Since the offender too is human there are several requirements that protect his civic and constitutional rights. This includes an annual examination of the individual's mental condition, an annually written notice from the department of mental health to a sexual felon of his right to petition the court for a conditional release. In addition the assailant is offered a show cause hearing; a hearing addressing the issue as to why the assailant should be held. The offender may also, request for a trial after a period of two years for determination if he should be held for further treatment or supervision.

It can therefore be concluded that release of this perpetrators only serves to increase the crime rates in society.
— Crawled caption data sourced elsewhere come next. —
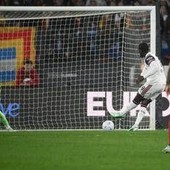 Roma-Cagliari, mano di Pisilli e calcio di rigore per i sardi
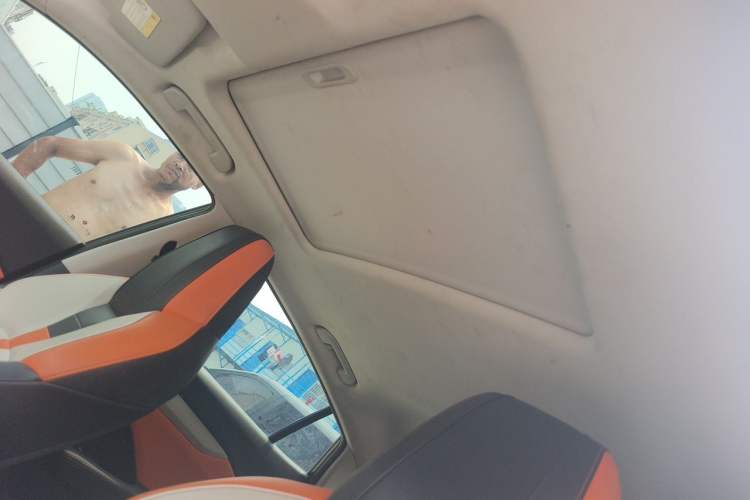 Used Dongfeng Aeolus Yixuan 2023 Mach Edition 1.5L Automatic Chasing Shadow Version Headliner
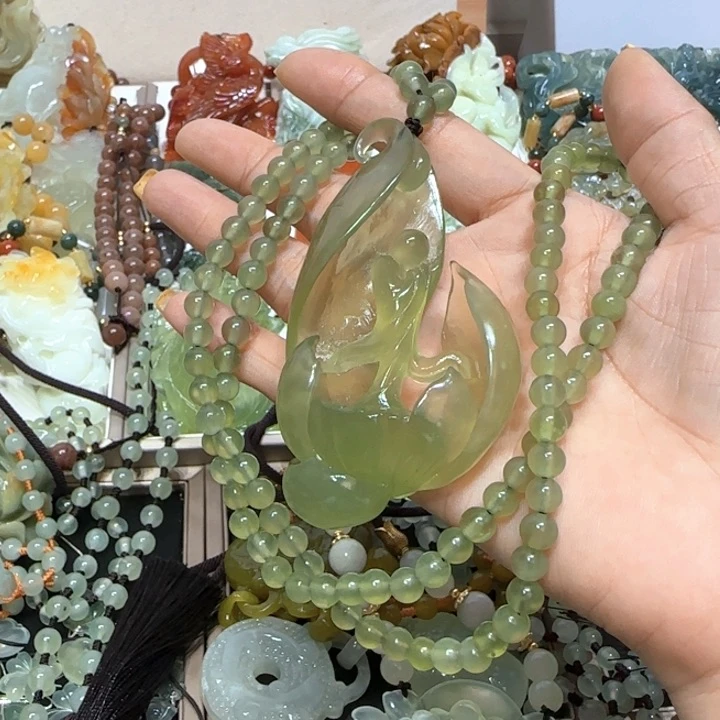 蛇纹石玉未镶嵌吊坠@****?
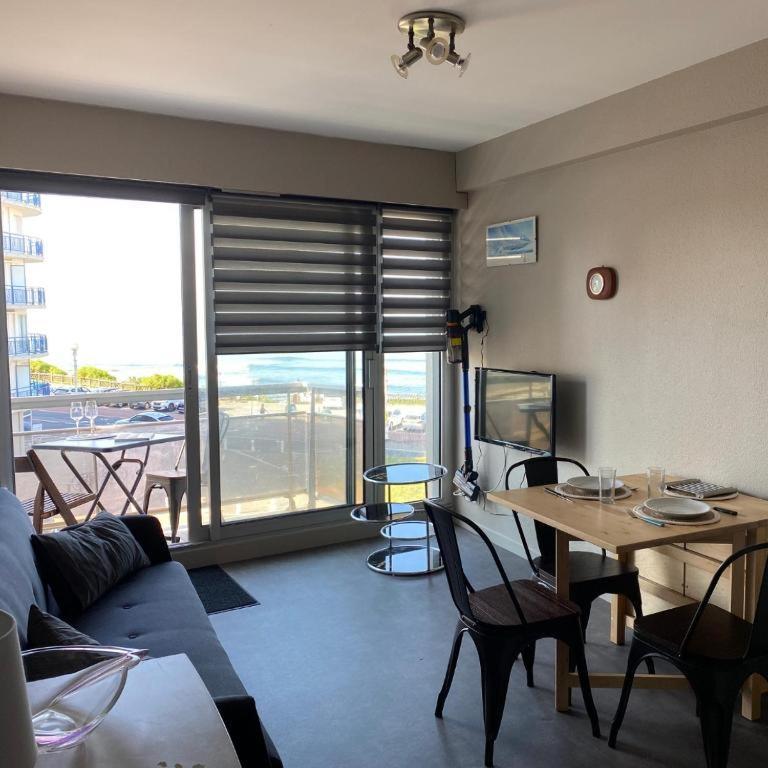 L'Arbre Du Voyageur Apartment Les Sables-d'Olonne Exterior photo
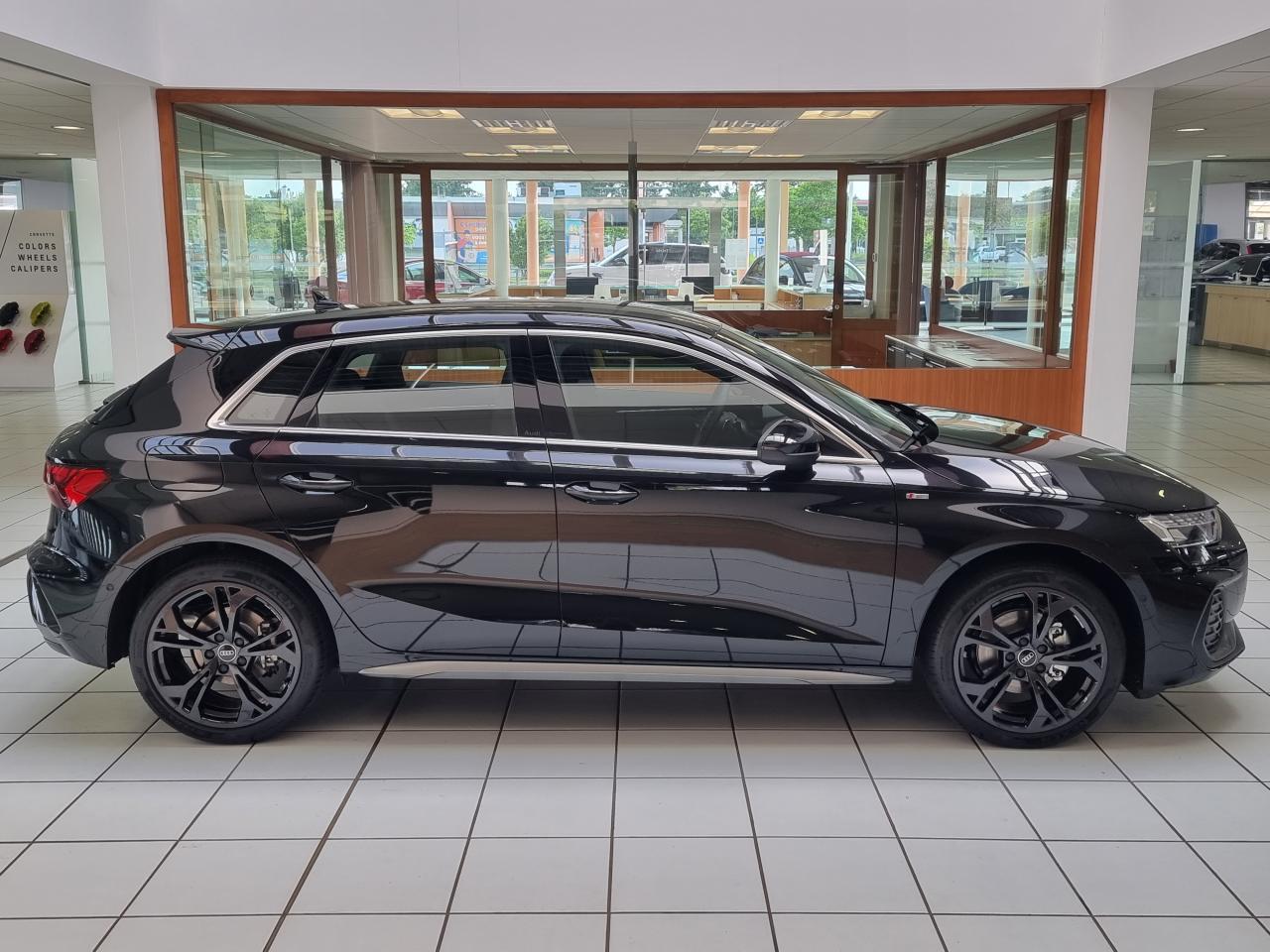 0679-0003074_p68 - AUDI - A3 - 2025 - photo 30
With recidivism levels as high, the penal institutes should fairly understand the risks of receipt of these individuals back to society. Their receipt would simply mean an overall increase in crime rates and individually the complexity in which these crimes are committed, therefore, making the law inadequate in reaching the assailants (Henry, Kären, 2005).

The best way would be to create steeper laws which would discourage future perpetrators and which would be content to hold assailants to society in penal institutions. Assailants committing crimes like rape should be castrated to ensure that even if they were to be released to society, they would not have the urge to perform of repeat the crime again and would be deemed as safe to the general public at large. Castration should be among the major control methods that the government considers for such perpetrators. Life sentences too should be accumulated to serve as a scare to perpetrators along with execution for repeat perpetrators (Publications, 2001).